## What you have to do
Please give back word for word the lines of the material below between the line containing "Tafellamp TAZA 3,5W" and the line containing "Brazil Soccer Fans", inclusive.

[Opening Records to process section]

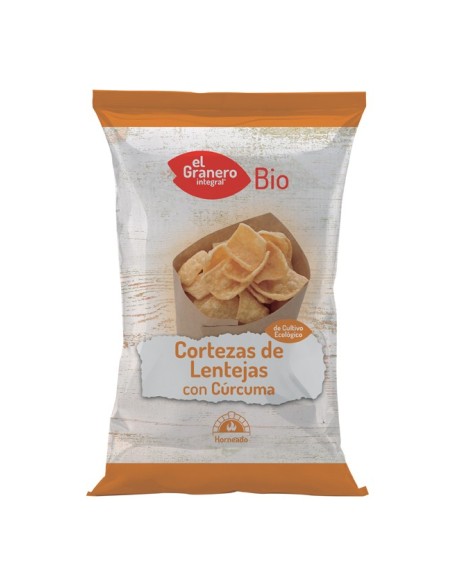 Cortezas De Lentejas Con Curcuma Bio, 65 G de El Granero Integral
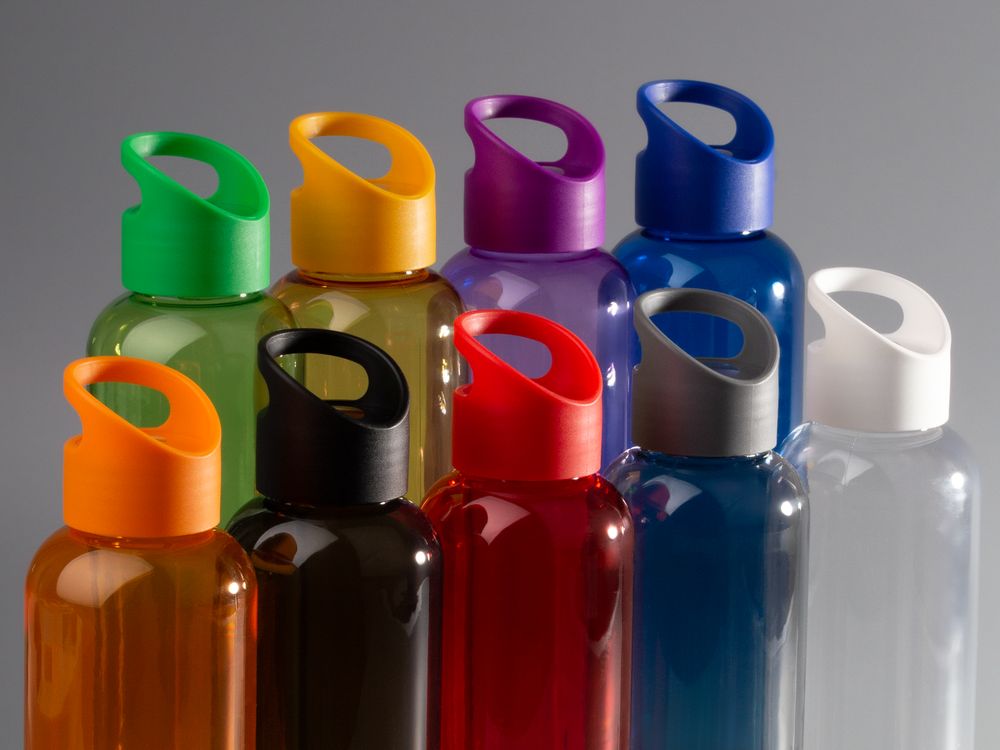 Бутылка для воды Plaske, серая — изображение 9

[Closing Records to process section]
[Opening Records to process section]

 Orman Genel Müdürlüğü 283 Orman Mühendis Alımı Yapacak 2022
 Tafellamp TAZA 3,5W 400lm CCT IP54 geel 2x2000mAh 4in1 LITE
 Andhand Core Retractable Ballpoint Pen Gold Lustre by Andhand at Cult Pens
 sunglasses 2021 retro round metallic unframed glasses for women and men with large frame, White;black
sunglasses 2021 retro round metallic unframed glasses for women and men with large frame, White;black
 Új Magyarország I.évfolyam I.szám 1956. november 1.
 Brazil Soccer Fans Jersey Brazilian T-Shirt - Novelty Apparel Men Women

[Closing Records to process section]
[Opening Records to process section]

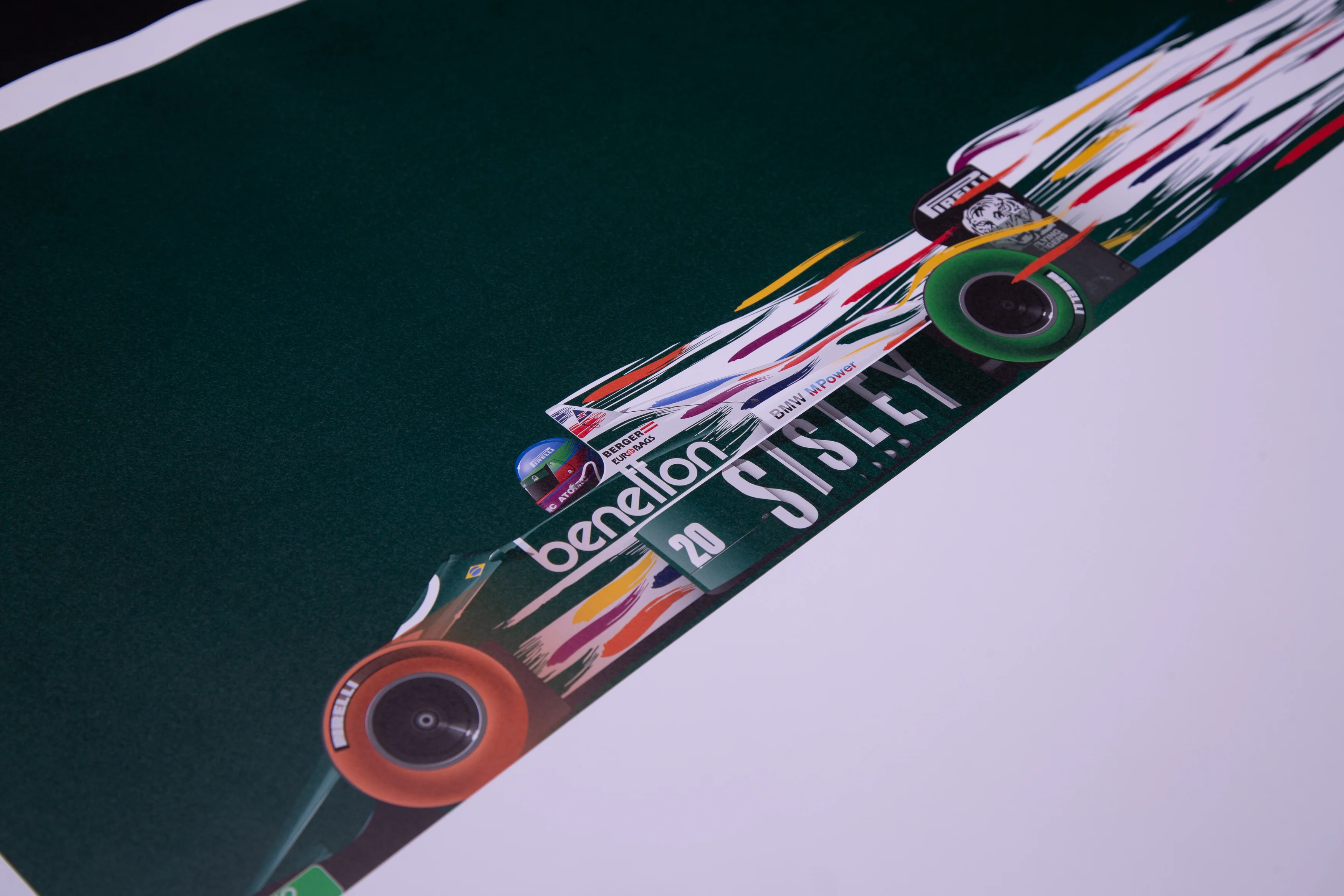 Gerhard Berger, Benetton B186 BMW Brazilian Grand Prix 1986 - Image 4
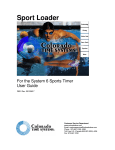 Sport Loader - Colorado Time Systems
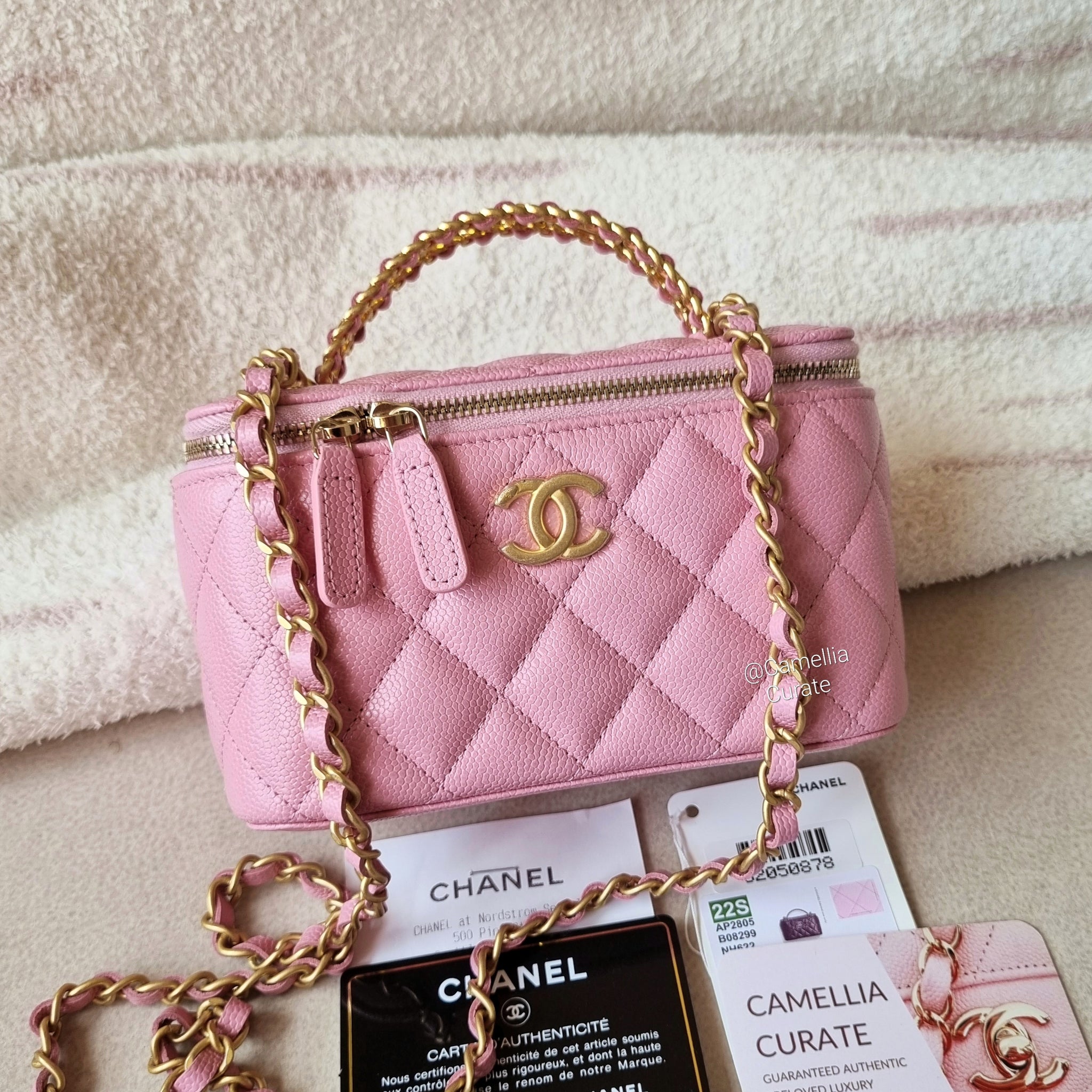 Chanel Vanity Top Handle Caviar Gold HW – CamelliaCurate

[Closing Records to process section]

## Written answer
 Tafellamp TAZA 3,5W 400lm CCT IP54 geel 2x2000mAh 4in1 LITE
 Andhand Core Retractable Ballpoint Pen Gold Lustre by Andhand at Cult Pens
 sunglasses 2021 retro round metallic unframed glasses for women and men with large frame, White;black
sunglasses 2021 retro round metallic unframed glasses for women and men with large frame, White;black
 Új Magyarország I.évfolyam I.szám 1956. november 1.
 Brazil Soccer Fans Jersey Brazilian T-Shirt - Novelty Apparel Men Women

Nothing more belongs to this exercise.